Global air freight is taking off providing yet another sign that global economic conditions are improving.
According to data released by the International Air Transport Association (IATA) overnight, global freight tonne kilometres (FTK) grew by 12.7% year-on-year in May, accelerating upon the 8.7% increase reported in April.
A fairly significant increase, more than three-times faster than the 3.8% year-on-year average seen over the past five years, according to IATA.
FTKs are calculated by multiplying total tonnage carried by distance travelled.
Over the first five months of the year, FTKs grew by 10.2% compared to the same period in 2016, marking the strongest rebound seen since 2010 following the depths of the global financial crisis.
Excluding the impact of the leap year in 2016, IATA said the year-on-year increase was closer to 11%.
And, as seen in the chart below from IATA, the global growth in FTK’s was driven by all regions, an outcome that again suggests a synchronised acceleration in the global economy.

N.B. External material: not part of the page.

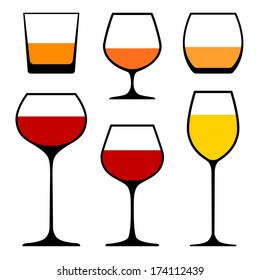 set of wine glasses icons, vector eps 10 illustration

“The robust recent performance of air freight has been set against a stronger global economic and trade backdrop,” said IATA, noting that the improvement coincides with the new orders index in the JP Morgan-IHS Markit global PMI survey hitting the highest level in six years just a few months ago.
That suggests the recent improvement in “soft” economic data, such as PMI surveys, are now being replicated on the ground.
It’s getting harder to say that global economic conditions aren’t improving, and helps explain why many major central bank’s are now considering winding back emergency monetary policy settings that were initiated when conditions weren’t nearly as strong as they are now.